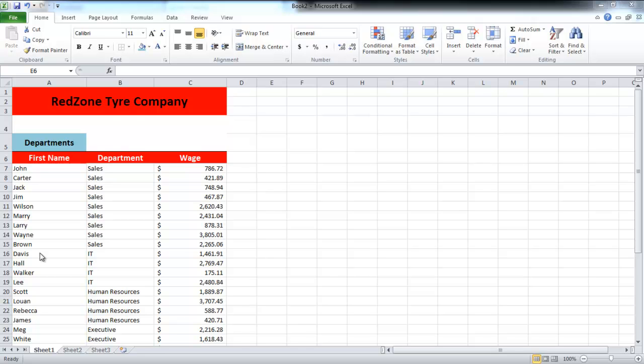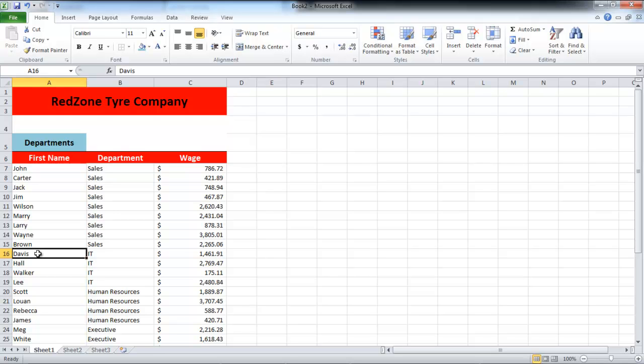In this tutorial, we will show you how to repeat row and column titles in Excel. Firstly, you will need to open up an Excel sheet like the one we're working on. This sheet must contain data that needs to be printed separately and should contain row or column titles.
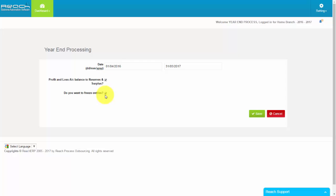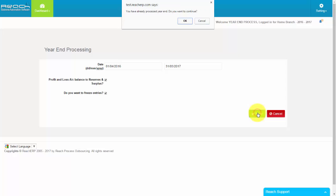Please tick Freeze Entries if you want to freeze your old entries. It means your old entries will not be editable. And Save.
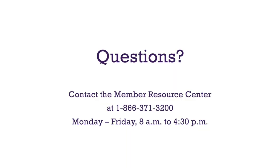If you have questions during your class, your instructor will be happy to help you in the Zoom meeting. If you have other questions, you can contact the Member Resource Center at 1-866-371-3200.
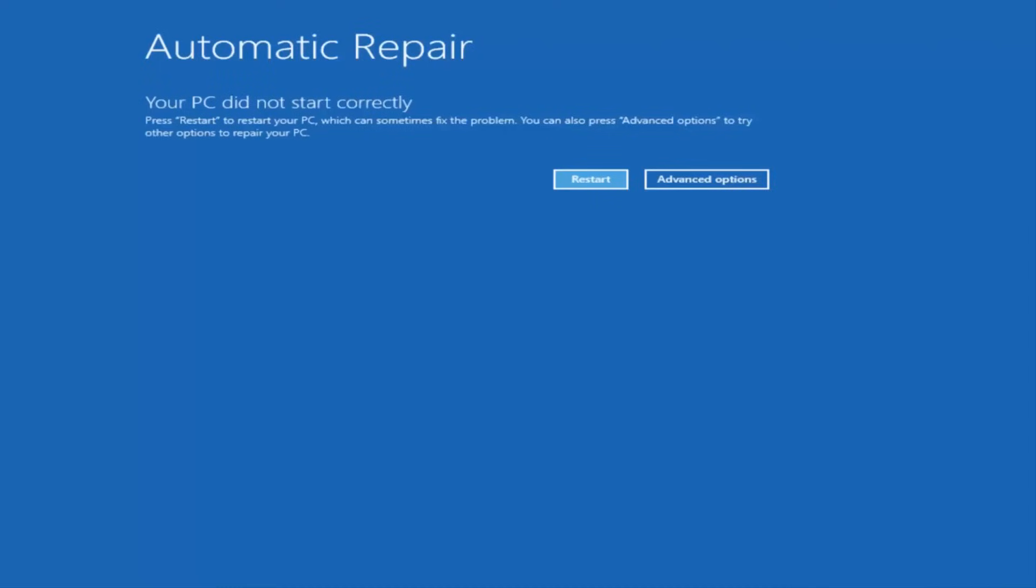And you basically want to boot your computer off of it. And then instead of going through and installing Windows, you're going to look for something that says repair my computer at the bottom left corner. When you have the ability to install Windows 10, there should be an option to repair your computer on that same window. You want to select that and it will launch the same troubleshooting tools we're going to be going through in this video.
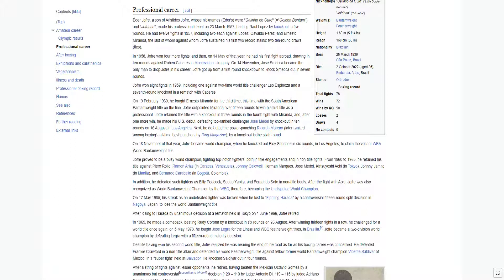Jofre became a two-division world champion by defeating Legra with a 15-round majority decision. Despite having won his second world title, Jofre realized he was nearing the end of the road as far as his boxing career was concerned. He defeated Frankie Crawford in a non-title affair and defended his world featherweight title against fellow former world bantamweight champion Vicente Saldivar of Mexico in a super fight held at Salvador. He knocked Saldivar out in four rounds.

# Task to complete
Your reply should be the entries above, repeated exactly and free of pictures.

# Solution to the problem
In this tutorial, we will show you how to repeat row and column titles in Excel. Firstly, you will need to open up an Excel sheet like the one we're working on. This sheet must contain data that needs to be printed separately and should contain row or column titles.
Please tick Freeze Entries if you want to freeze your old entries. It means your old entries will not be editable. And Save.
If you have questions during your class, your instructor will be happy to help you in the Zoom meeting. If you have other questions, you can contact the Member Resource Center at 1-866-371-3200.
And you basically want to boot your computer off of it. And then instead of going through and installing Windows, you're going to look for something that says repair my computer at the bottom left corner. When you have the ability to install Windows 10, there should be an option to repair your computer on that same window. You want to select that and it will launch the same troubleshooting tools we're going to be going through in this video.
Jofre became a two-division world champion by defeating Legra with a 15-round majority decision. Despite having won his second world title, Jofre realized he was nearing the end of the road as far as his boxing career was concerned. He defeated Frankie Crawford in a non-title affair and defended his world featherweight title against fellow former world bantamweight champion Vicente Saldivar of Mexico in a super fight held at Salvador. He knocked Saldivar out in four rounds.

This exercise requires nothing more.